Meet Fred.
This story starts with a hypothetical PhD student. Let’s call him Fred. Fred is doing a PhD in food science and has a vegetarian flat-mate (let’s call her Karen).
After living with Karen for a few months, Fred noticed that Karen and her vegetarian friends eat a lot of beans. Being the curious person he is (meaning, his advisor was bugging him for months about not publishing enough), Fred decided to look into this phenomenon and came up with an experiment. Following his usual workflow (see Figure 1), he first came up with a hypothesis, based on his observations. The hypothesis was: vegetarians eat more beans than meat-eaters.

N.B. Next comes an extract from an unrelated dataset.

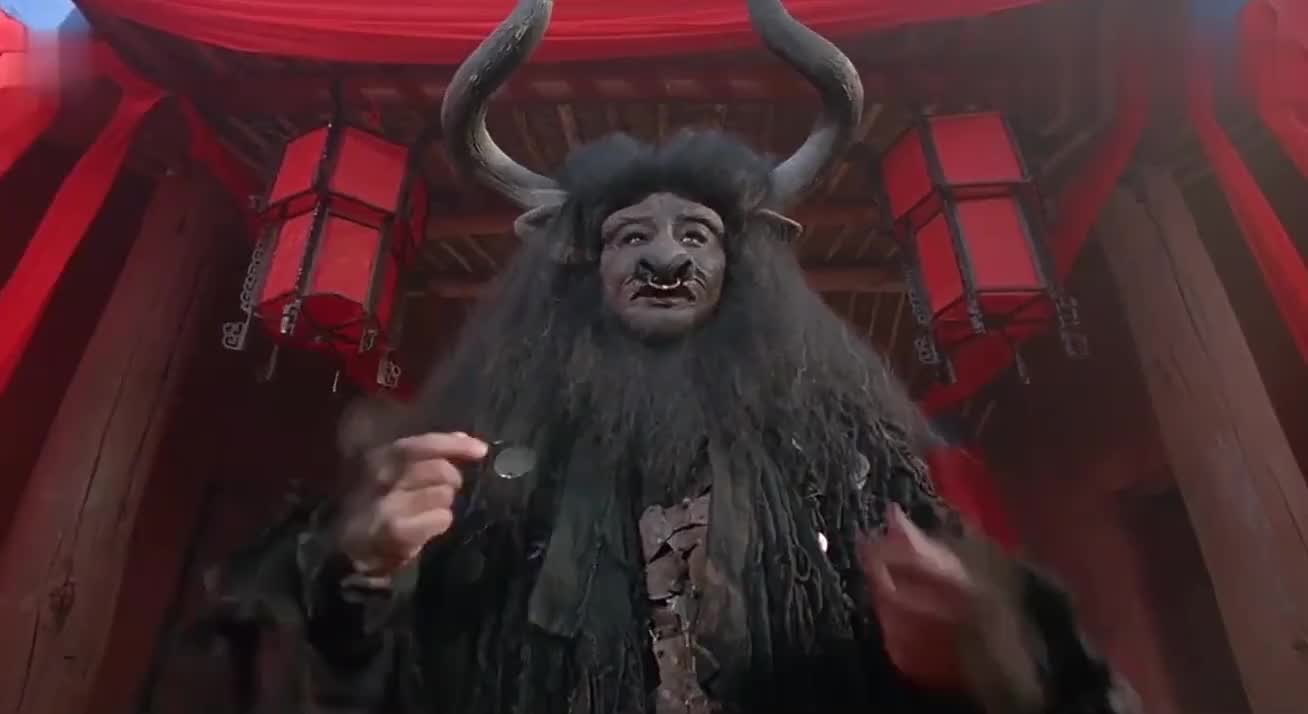 黑山老妖要吃掉至尊宝,牛魔王赶到了把他给打跑了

Then he started to plan his experiment: First, he figured out a way for measuring bean consumption:
What to measure?
- amount of beans eaten per month
- vegetarian or not?
- other stuff (cheap shots in the dark)
How to measure it?
- questionnaire
Considering the fact, that he had no actual resources for this study, Fred decided to work with what he has access to. What he and most university researchers have an unlimited access to is… university students.
So at the end of one of his classes, Fred gave his carefully created questionnaire to his students and promised a burrito coupon to everyone who fills it out. (Yes, Fred also works as a delivery guy at the little Mexican place near one of the dorms. Also, he is a marketing genius.)
After collecting the questionnaires the next week and some well deserved bonus from his boss at the burrito place (sales went up 50%), he did a standard data analysis using his favourite statistical tool R.
He came up with the following descriptive statistics:
After running some tests, Fred happily discovered that he found a significant difference!
Lucky Fred also found a significant result with one of his cheap shots. Vegetarians seem to weigh significantly less than meat eaters.
After this, Fred wrote up an article, it got published and Fred and his thesis advisor (who was the last author of the paper, obviously) lived happily ever after (or at least until the need for a next paper arose).
Epilogue
A few years and burritos later, on a cold Friday night, Fred was putting together the list of his best publications for a grant. On that fateful night, Fred realised a few things about his beloved little paper:
1. Not representative sample: He made the mistake (like many other researchers) of using WEIRD people for his study.
2. Significant but not relevant: The difference between the two groups was significant, but was it relevant? The difference between the means is: 0.0389039. Which is: 38.9039 grams ~ 0.5 dl / month.
3. Correlation but not causation: Taking a closer look at his data and remembering that funny spurious correlations site he saw a few days back, he realised that most vegetarians in his study were girls, while most meat eaters were boys.
What can we do to avoid Fred’s mistakes?
- Try to eliminate systematic errors (e.g. sampling bias, human error during data collection).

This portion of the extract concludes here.